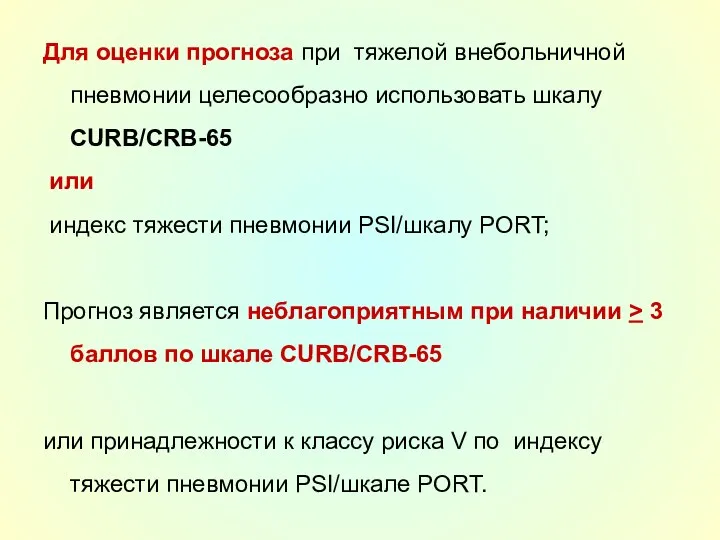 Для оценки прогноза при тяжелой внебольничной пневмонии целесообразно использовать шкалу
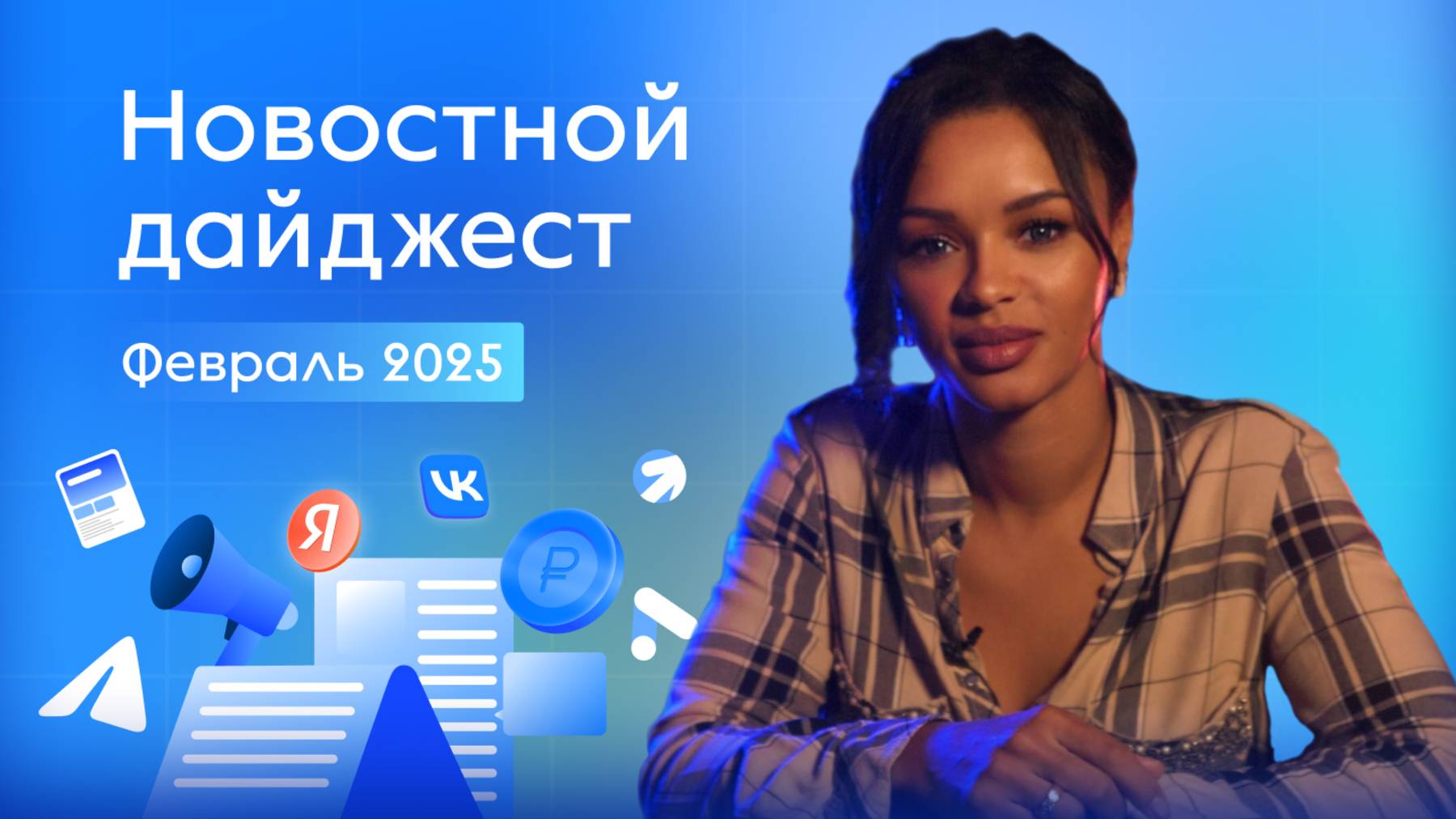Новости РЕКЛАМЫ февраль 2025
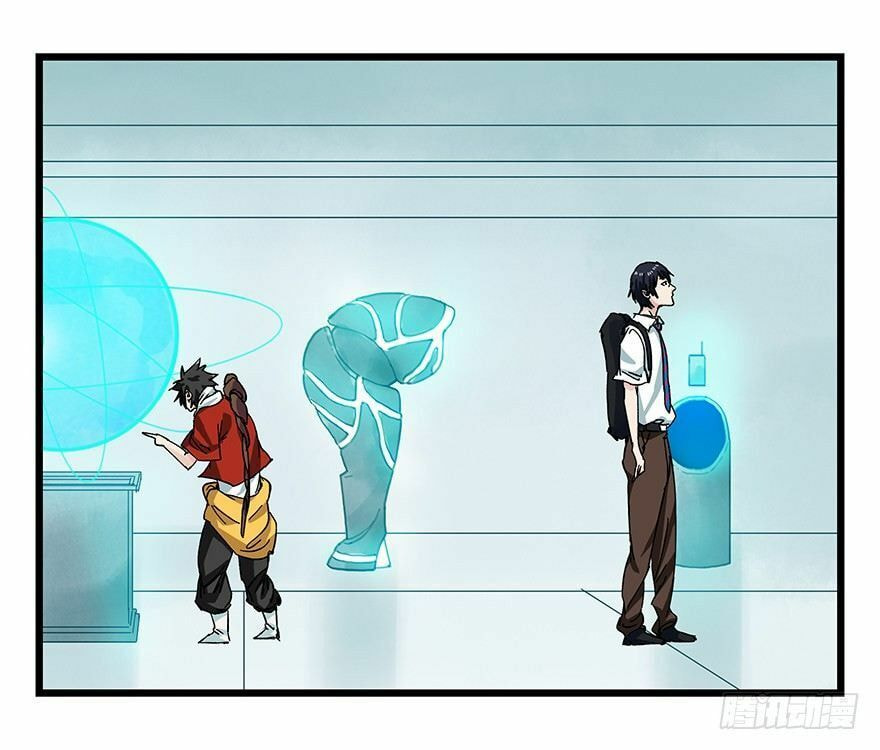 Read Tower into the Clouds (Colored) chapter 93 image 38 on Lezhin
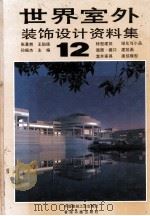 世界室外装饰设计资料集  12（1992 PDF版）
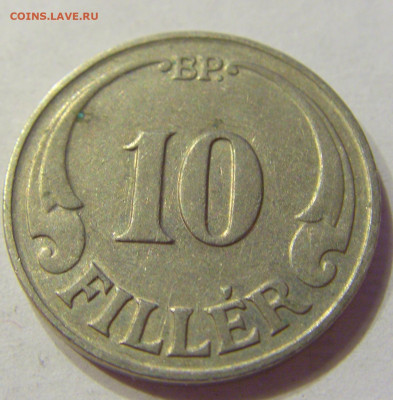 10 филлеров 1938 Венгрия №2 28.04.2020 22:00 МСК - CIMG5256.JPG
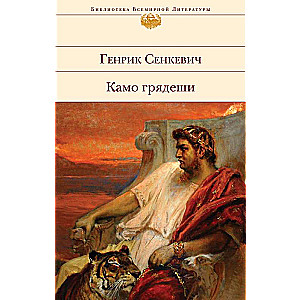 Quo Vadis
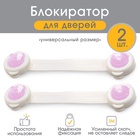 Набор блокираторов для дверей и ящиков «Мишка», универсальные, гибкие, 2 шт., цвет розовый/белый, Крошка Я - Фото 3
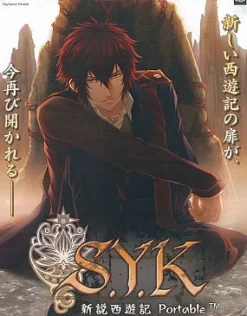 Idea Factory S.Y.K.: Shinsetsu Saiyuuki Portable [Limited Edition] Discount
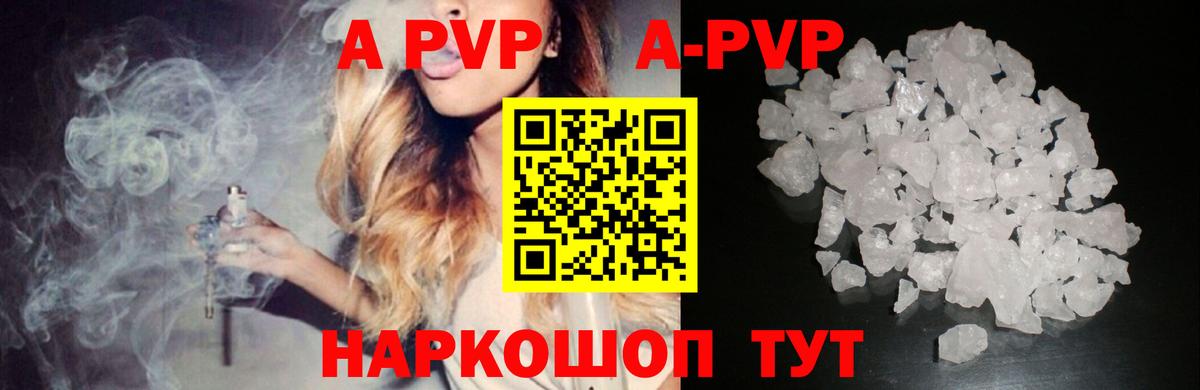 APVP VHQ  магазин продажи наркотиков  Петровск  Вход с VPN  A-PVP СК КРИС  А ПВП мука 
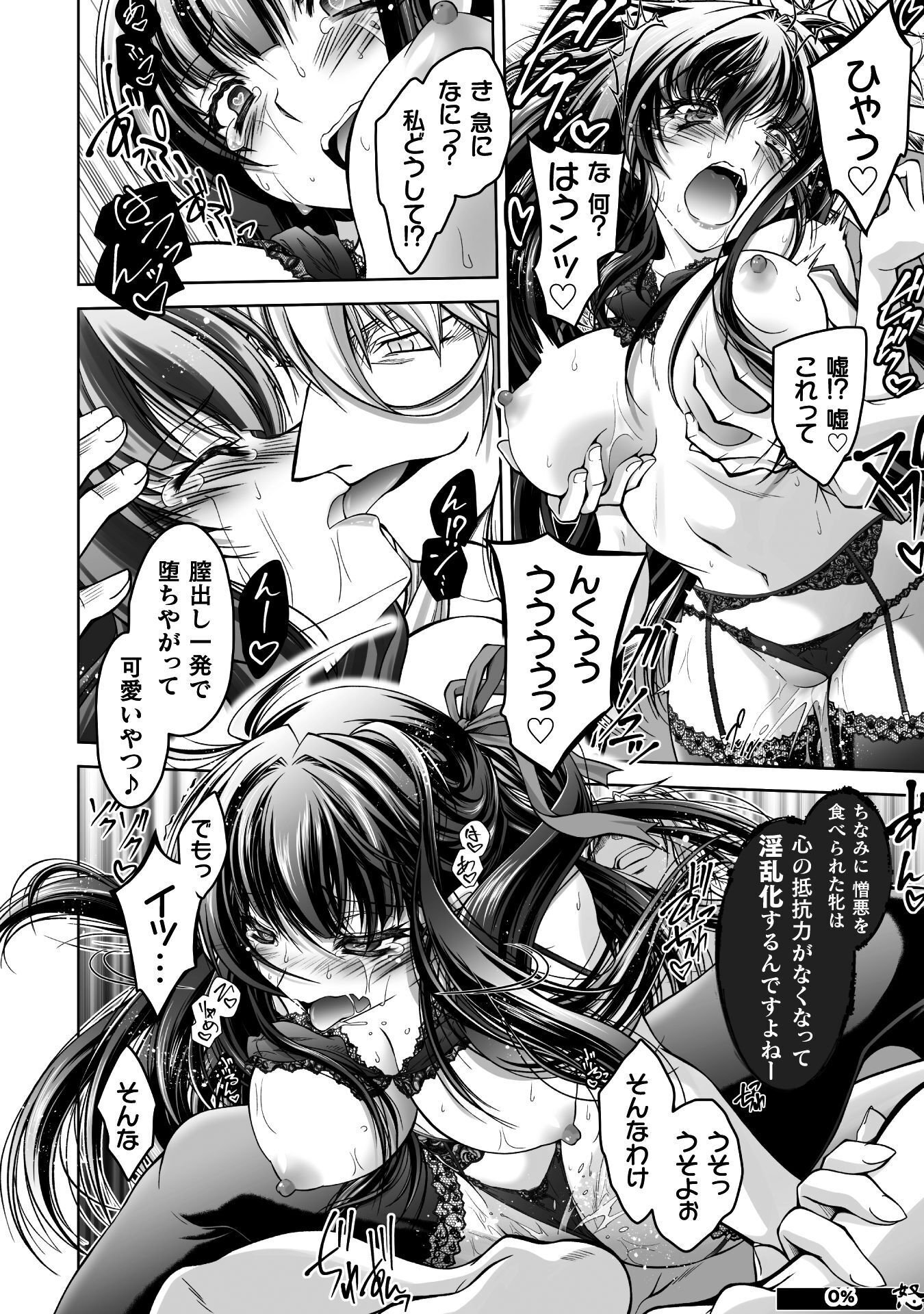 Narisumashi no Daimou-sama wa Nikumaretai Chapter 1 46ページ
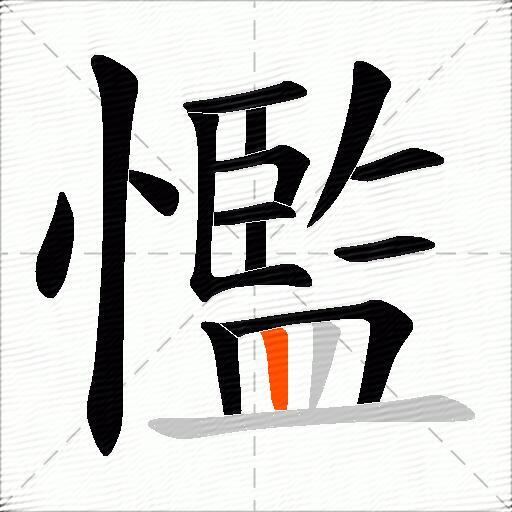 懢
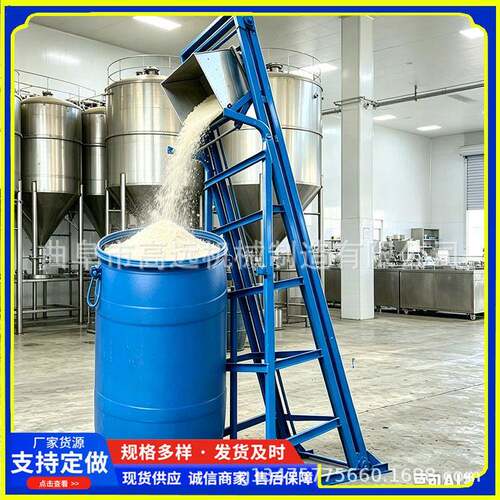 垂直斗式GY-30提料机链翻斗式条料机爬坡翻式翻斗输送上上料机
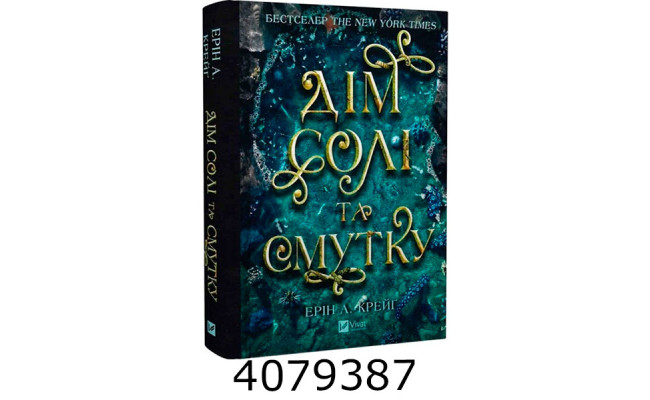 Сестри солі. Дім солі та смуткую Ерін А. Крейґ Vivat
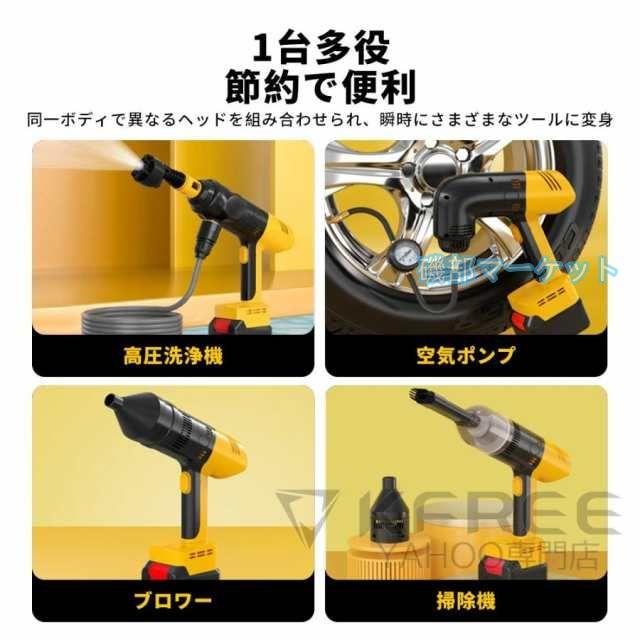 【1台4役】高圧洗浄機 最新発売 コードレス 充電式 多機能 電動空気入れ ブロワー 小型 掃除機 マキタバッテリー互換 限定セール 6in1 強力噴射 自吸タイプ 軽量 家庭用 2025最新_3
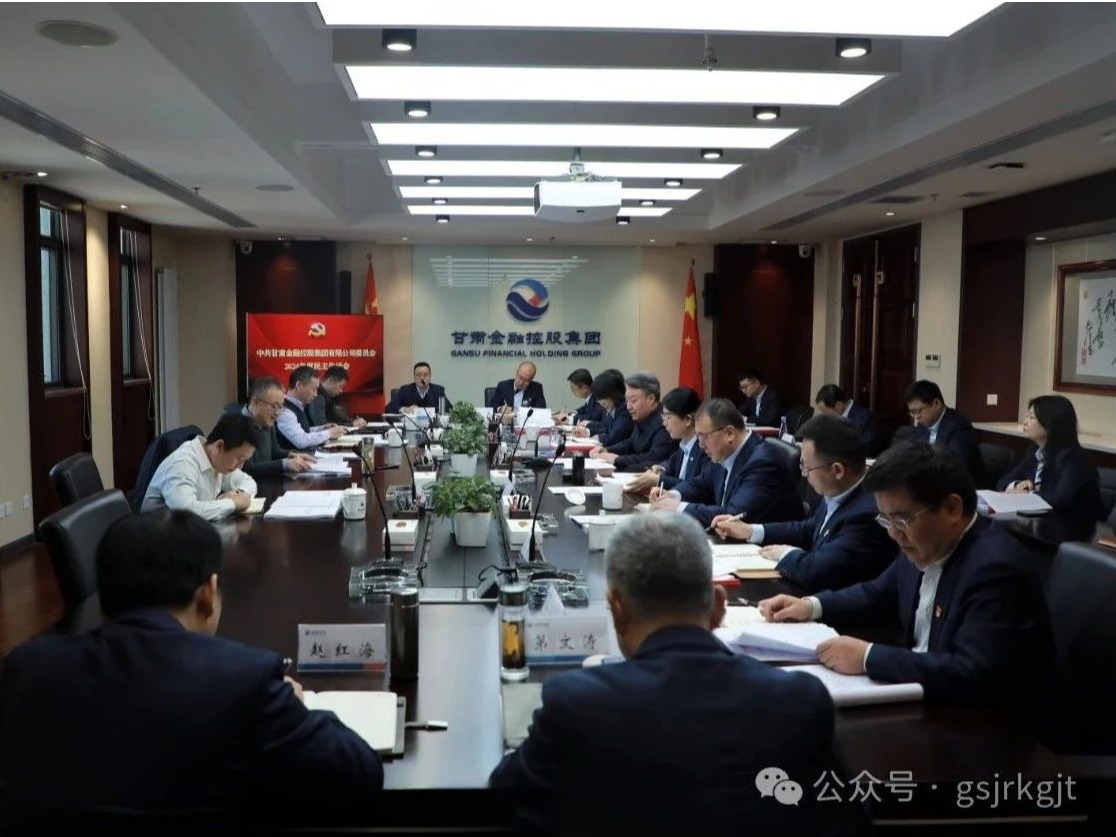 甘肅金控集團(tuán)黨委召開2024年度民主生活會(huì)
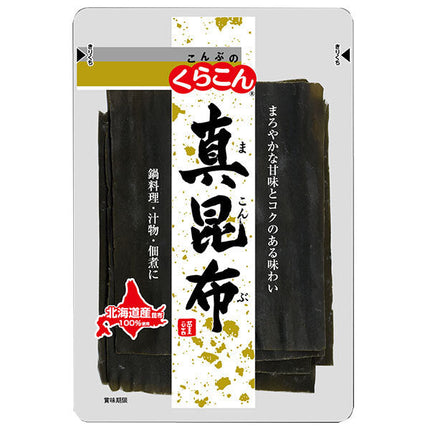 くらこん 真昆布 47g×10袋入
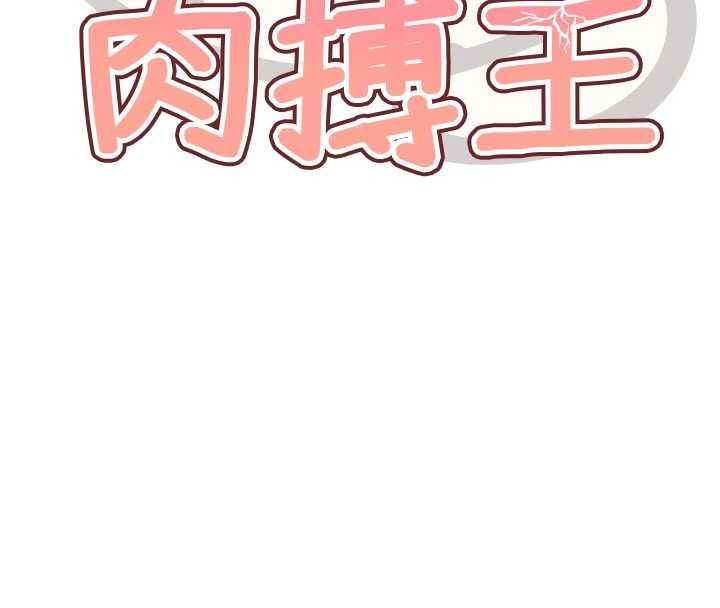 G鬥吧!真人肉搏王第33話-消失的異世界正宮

# Problem statement
Pictures aside, write out all of the records exactly.

# Solution to the problem
 Для оценки прогноза при тяжелой внебольничной пневмонии целесообразно использовать шкалу
Новости РЕКЛАМЫ февраль 2025
 Read Tower into the Clouds (Colored) chapter 93 image 38 on Lezhin
 世界室外装饰设计资料集  12（1992 PDF版）
 10 филлеров 1938 Венгрия №2 28.04.2020 22:00 МСК - CIMG5256.JPG
 Quo Vadis
 Набор блокираторов для дверей и ящиков «Мишка», универсальные, гибкие, 2 шт., цвет розовый/белый, Крошка Я - Фото 3
 Idea Factory S.Y.K.: Shinsetsu Saiyuuki Portable [Limited Edition] Discount
 APVP VHQ  магазин продажи наркотиков  Петровск  Вход с VPN  A-PVP СК КРИС  А ПВП мука 
 Narisumashi no Daimou-sama wa Nikumaretai Chapter 1 46ページ
 懢
 垂直斗式GY-30提料机链翻斗式条料机爬坡翻式翻斗输送上上料机
 Сестри солі. Дім солі та смуткую Ерін А. Крейґ Vivat
 【1台4役】高圧洗浄機 最新発売 コードレス 充電式 多機能 電動空気入れ ブロワー 小型 掃除機 マキタバッテリー互換 限定セール 6in1 強力噴射 自吸タイプ 軽量 家庭用 2025最新_3
 甘肅金控集團(tuán)黨委召開2024年度民主生活會(huì)
 くらこん 真昆布 47g×10袋入
 G鬥吧!真人肉搏王第33話-消失的異世界正宮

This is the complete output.